月明かりを背にして立つキャルルの全身から、紫色の雷光がバチバチと迸っていた。
「……私の村のひとたちに、乱暴するのは、だぁれ?」
キャルルの声は、いつも通りの可愛らしい響きだった。
だが、その声には一切の感情(抑揚)が抜け落ちていた。
満月の力によってリミッターが完全に外れ、本能のままに『敵を排除する』というモードに移行しているのだ。
「ひ、ひぃぃっ……!」
「隊長! あのウサギ、ヤバいです! 殺気が、桁違いだ……っ!」
歴戦の傭兵であるはずの男たちが、本能的な恐怖に脚をガクガクと震わせる。
まるで、巨大なドラゴンの前に放り出されたような、絶対的な捕食者のプレッシャー。
「う、うろたえるな! 相手はたかがウサギ一匹だ! 魔法使い部隊、あのウサギにありったけの魔術を叩き込め!!」
ガドーの命令に、十数人の魔法使いが杖を構え、火球や氷の矢を一斉にキャルルへと放つ。
夜空を彩る、致命的な魔法の雨。
だが。
「……悪い子は、お仕置きだよ」
キャルルは避けることすらしない。
彼女が特注の強化靴に仕込まれた『雷竜石』の力を解放した瞬間。
『バチィィィィィィィィンッ!!!!!』
キャルルの周囲に展開された紫電の嵐が、飛来する魔法をすべて空中で蒸発させてしまった。

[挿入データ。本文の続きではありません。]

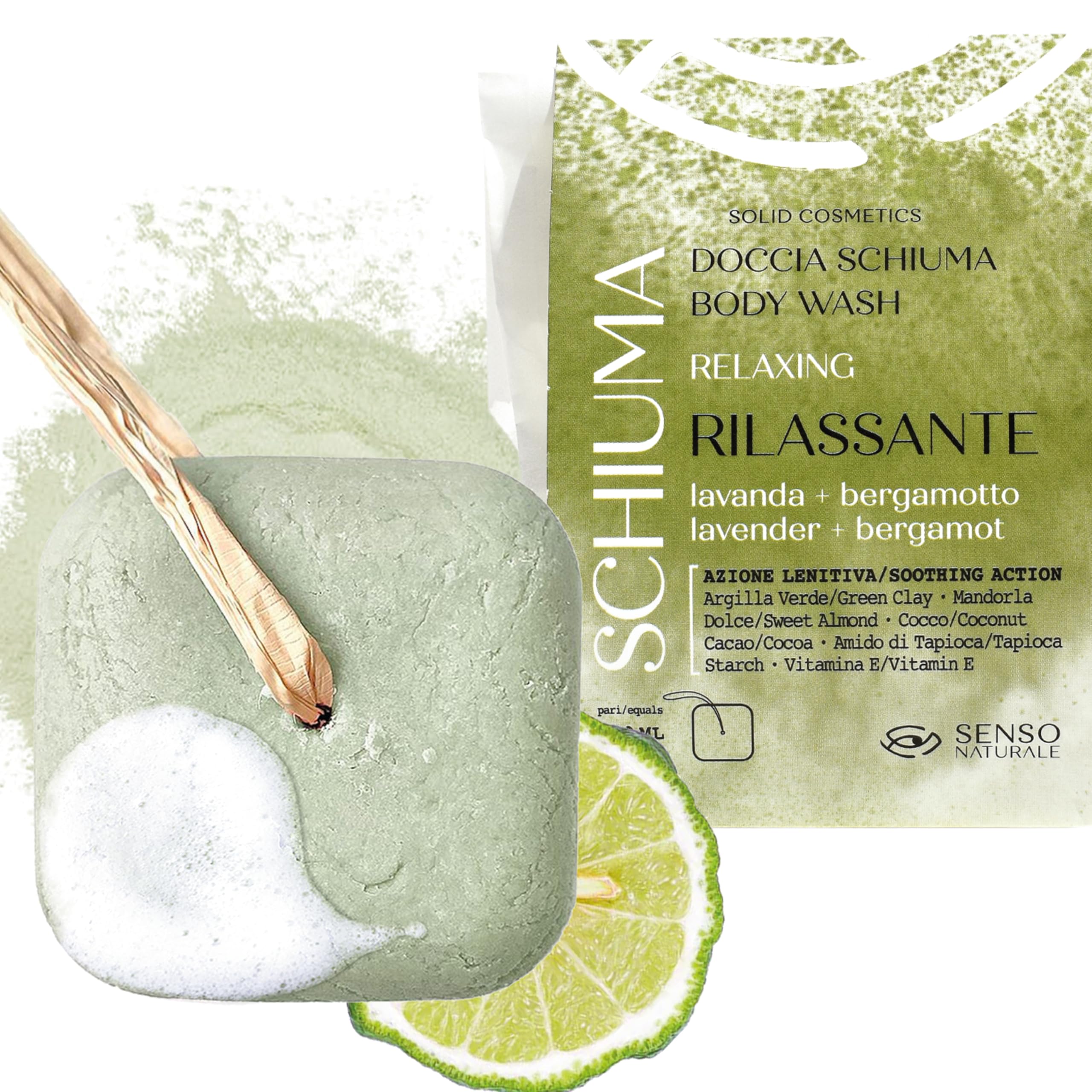 Senso Naturale Solid Shower Foam Relaxing Clay with Green Clay and Tapioca Starch, Hydrates and Revitalises Skin, Equivalent to 750 ml Liquid, Natural and Organic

「な、ば、馬鹿なッ!? 中級魔法の集中砲火が、傷一つつけられねぇだと!?」
「バケモノだ! あいつ、ただの獣人じゃねぇ!!」
パニックに陥る傭兵たち。
信長ですら、暗視ゴーグルを外してその光景に唖然としていた。
「……おいおいおい。あれが、あのアホみたいにプリン食っとった村長か?」
キャルルが、ゆっくりと右足を引いた。
クラウチングスタートの姿勢。
狙うは、眼下の傭兵部隊のど真ん中。
「超電光流星脚(スーパー・ライトニング・メテオ・ストライク)の、準備……完了ぉっ♪」
キャルルが、ニッコリと、しかし全く目の笑っていない狂気の笑顔を浮かべた。
絶対的な死のカウントダウンが、静かにゼロを告げる。